START DATASET EXTRACT

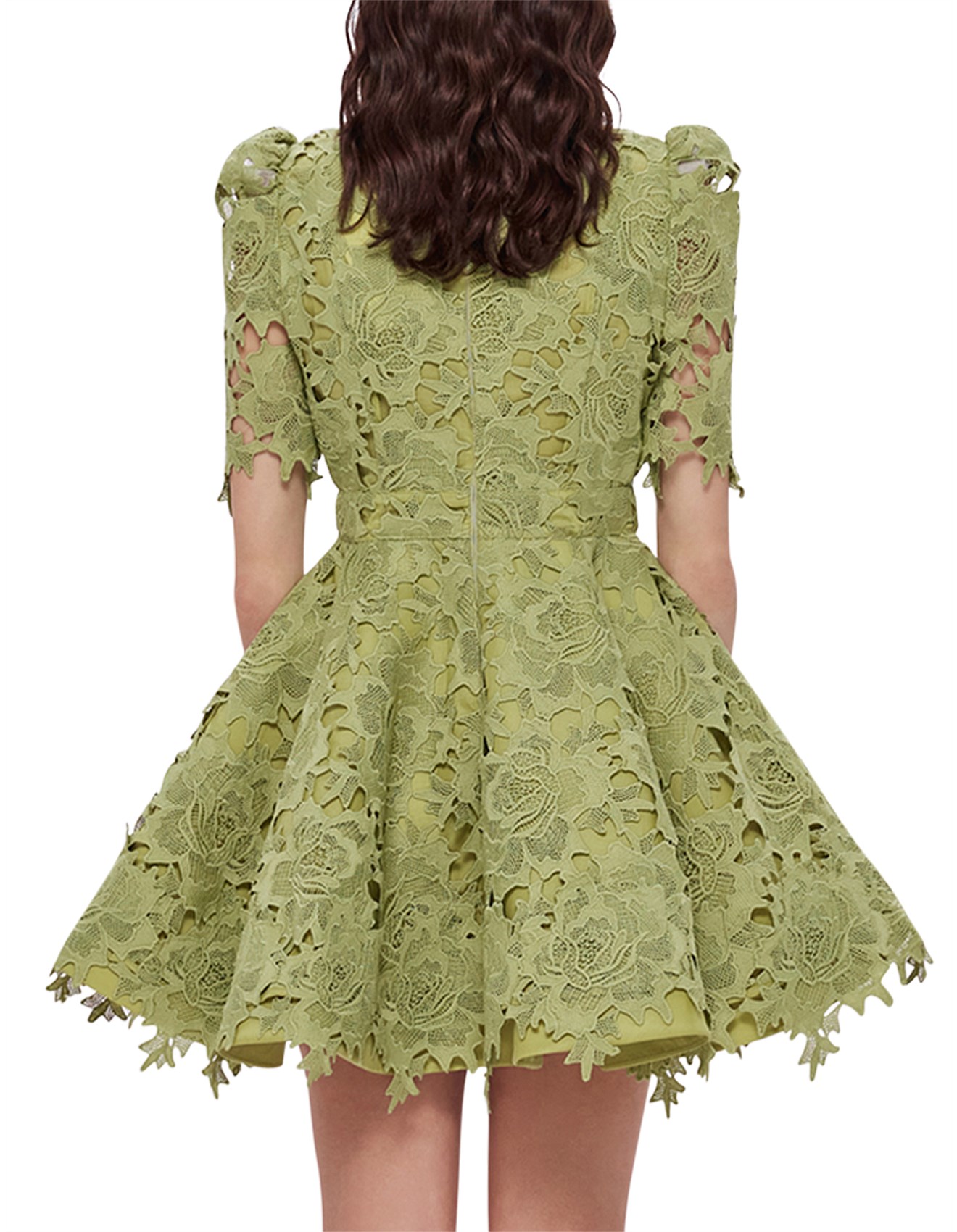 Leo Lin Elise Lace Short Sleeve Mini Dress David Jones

END DATASET EXTRACT
START DATASET EXTRACT

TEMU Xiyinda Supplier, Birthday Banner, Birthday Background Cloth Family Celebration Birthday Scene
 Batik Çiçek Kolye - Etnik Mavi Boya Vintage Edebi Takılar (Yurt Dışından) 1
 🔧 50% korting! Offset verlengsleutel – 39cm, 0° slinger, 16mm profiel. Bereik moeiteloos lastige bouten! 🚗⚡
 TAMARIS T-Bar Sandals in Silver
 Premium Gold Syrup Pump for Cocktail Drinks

END DATASET EXTRACT
START DATASET EXTRACT

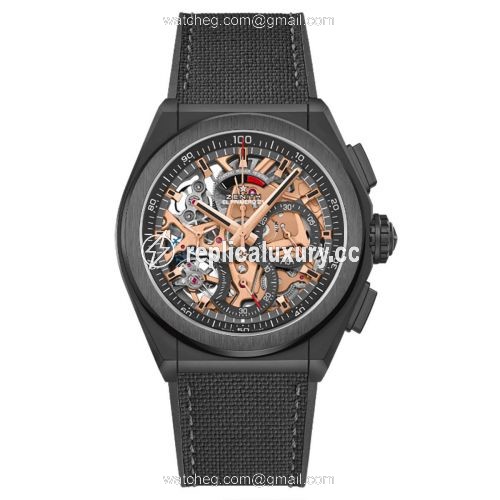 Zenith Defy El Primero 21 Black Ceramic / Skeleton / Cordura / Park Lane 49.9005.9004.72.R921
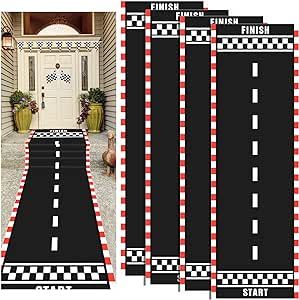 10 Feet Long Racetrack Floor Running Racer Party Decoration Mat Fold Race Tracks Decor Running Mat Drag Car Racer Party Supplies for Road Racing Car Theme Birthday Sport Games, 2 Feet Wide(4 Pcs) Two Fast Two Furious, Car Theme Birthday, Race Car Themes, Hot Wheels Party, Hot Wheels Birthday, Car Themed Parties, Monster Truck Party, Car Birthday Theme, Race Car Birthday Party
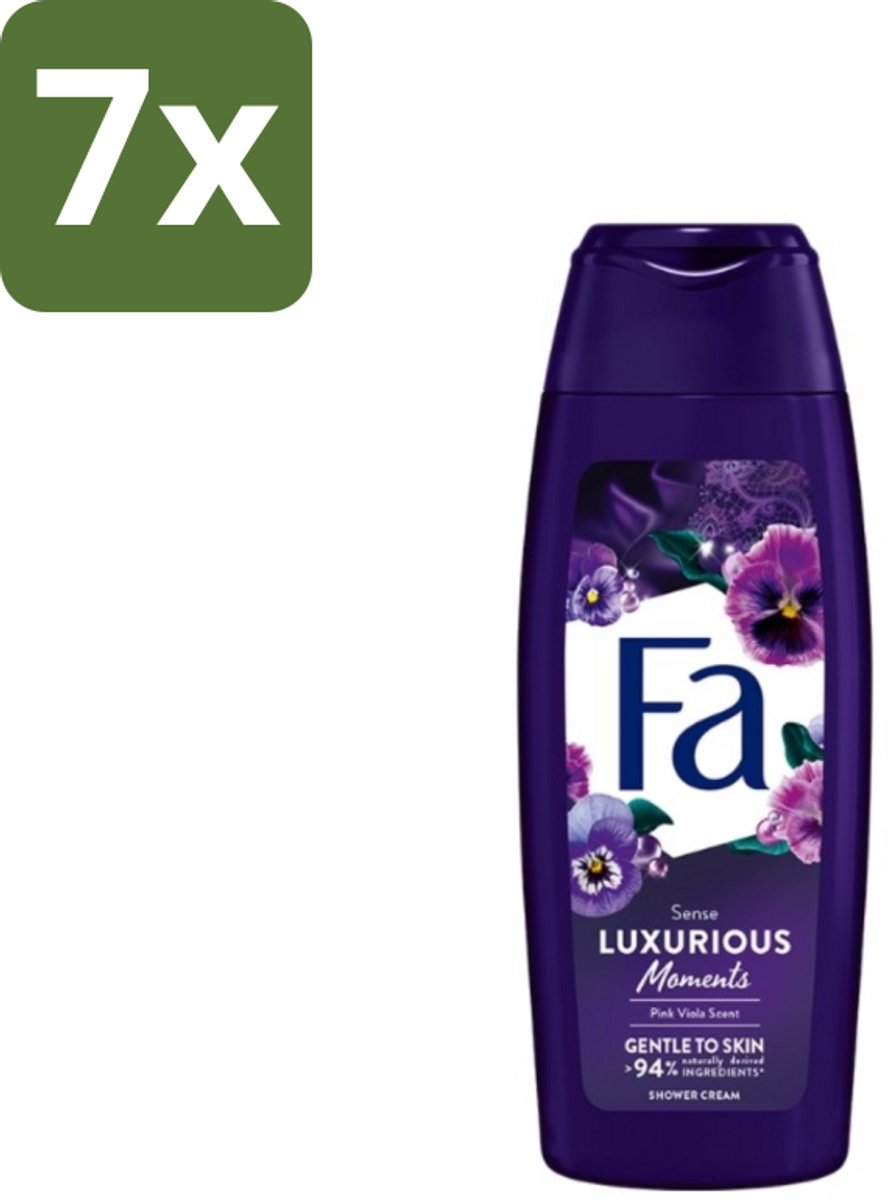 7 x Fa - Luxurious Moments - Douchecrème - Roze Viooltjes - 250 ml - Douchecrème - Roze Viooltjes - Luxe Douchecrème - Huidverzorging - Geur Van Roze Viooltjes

END DATASET EXTRACT

TASK ITEM - In the material above, which lines fall between the one holding "10 Feet Long" and the one holding "7 x Fa - Luxurious", inclusive? Print exactly those, with the pictures left out.

ANSWER TO THE EXERCISE -
 10 Feet Long Racetrack Floor Running Racer Party Decoration Mat Fold Race Tracks Decor Running Mat Drag Car Racer Party Supplies for Road Racing Car Theme Birthday Sport Games, 2 Feet Wide(4 Pcs) Two Fast Two Furious, Car Theme Birthday, Race Car Themes, Hot Wheels Party, Hot Wheels Birthday, Car Themed Parties, Monster Truck Party, Car Birthday Theme, Race Car Birthday Party
 7 x Fa - Luxurious Moments - Douchecrème - Roze Viooltjes - 250 ml - Douchecrème - Roze Viooltjes - Luxe Douchecrème - Huidverzorging - Geur Van Roze Viooltjes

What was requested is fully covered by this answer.